- [EXERCISE GOAL] Please repeat the lines below exactly. Begin with the line containing "QUEJARA 1/2 QUESO" and go on through the line containing "在远离南海争议地区的菲律宾棉".

- [RECORDS PROVIDED]
┄┄┄┄┄┄┄┄┄┄

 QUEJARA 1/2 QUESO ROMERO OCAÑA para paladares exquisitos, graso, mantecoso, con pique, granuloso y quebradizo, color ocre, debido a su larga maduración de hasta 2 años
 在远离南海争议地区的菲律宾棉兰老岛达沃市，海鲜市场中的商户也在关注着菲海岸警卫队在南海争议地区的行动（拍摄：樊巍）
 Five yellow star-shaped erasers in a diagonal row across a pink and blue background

┄┄┄┄┄┄┄┄┄┄

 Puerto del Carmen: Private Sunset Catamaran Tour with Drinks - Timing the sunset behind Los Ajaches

┄┄┄┄┄┄┄┄┄┄

- [TASK RESPONSE]
 QUEJARA 1/2 QUESO ROMERO OCAÑA para paladares exquisitos, graso, mantecoso, con pique, granuloso y quebradizo, color ocre, debido a su larga maduración de hasta 2 años
 在远离南海争议地区的菲律宾棉兰老岛达沃市，海鲜市场中的商户也在关注着菲海岸警卫队在南海争议地区的行动（拍摄：樊巍）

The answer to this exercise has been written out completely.